Data excerpts
* * * * *

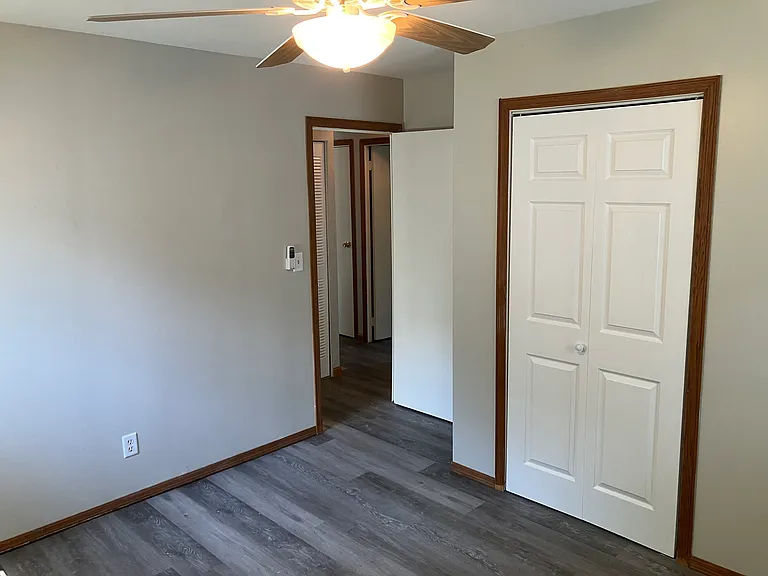 601 Ridgewood Ct — Photo 7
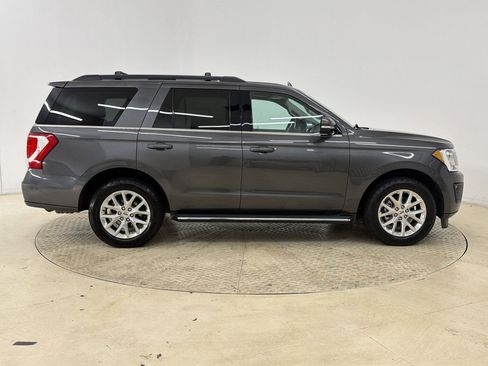 Used 2020 Ford Expedition XLT w/ Equipment Group 202A RWD image 8
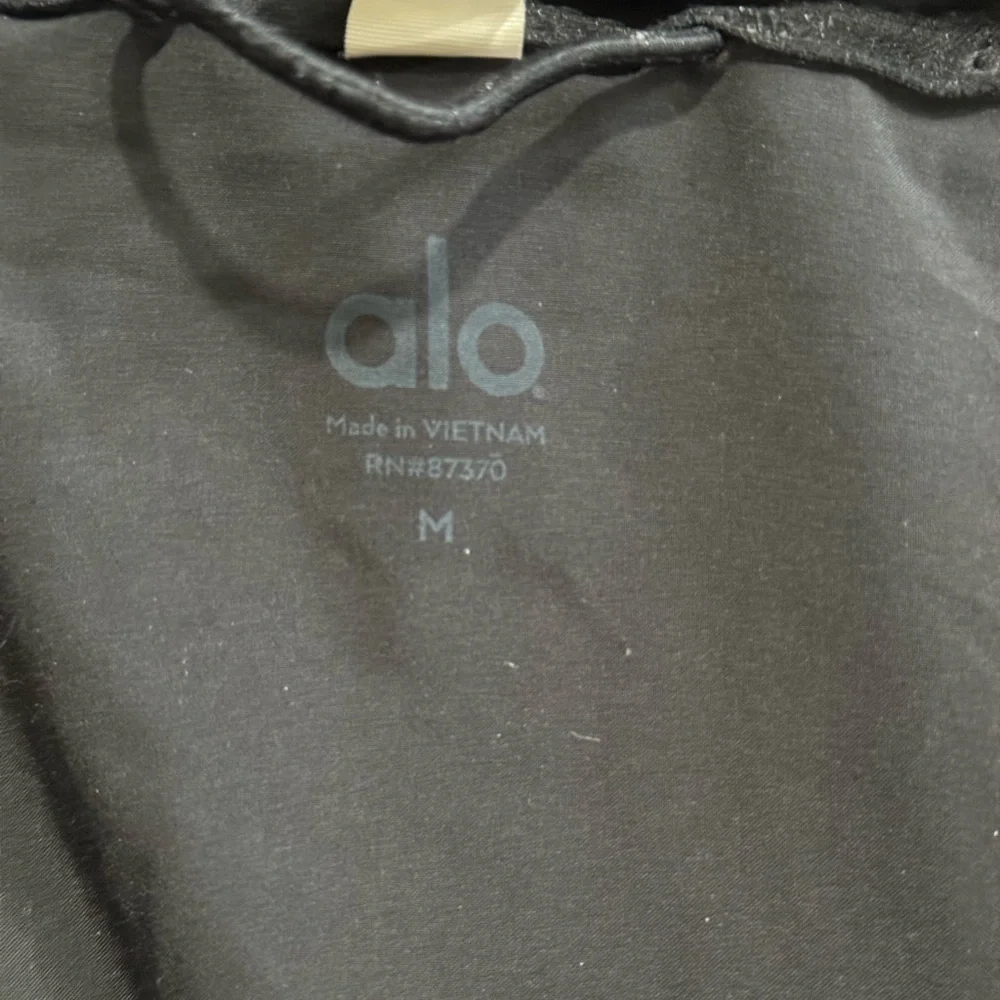 ALO Yoga Black Puffer Coat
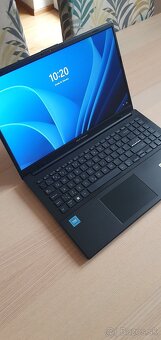 ASUS Vivobook Go 15 - 2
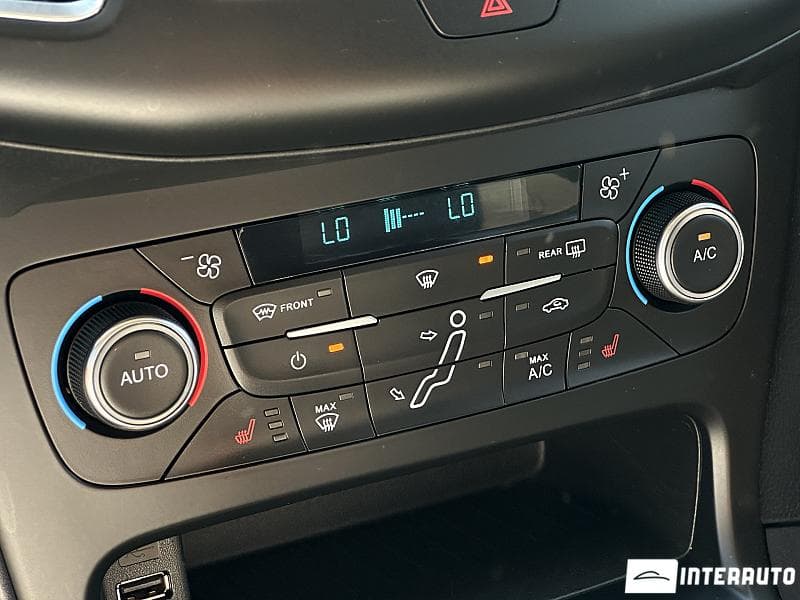 2018 Ford Focus — Miniatură 11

* * * * *

To do: Every entry must be transcribed exactly. Pictures do not belong in the copy.

Exercise solution:
 601 Ridgewood Ct — Photo 7
 Used 2020 Ford Expedition XLT w/ Equipment Group 202A RWD image 8
 ALO Yoga Black Puffer Coat
 ASUS Vivobook Go 15 - 2
 2018 Ford Focus — Miniatură 11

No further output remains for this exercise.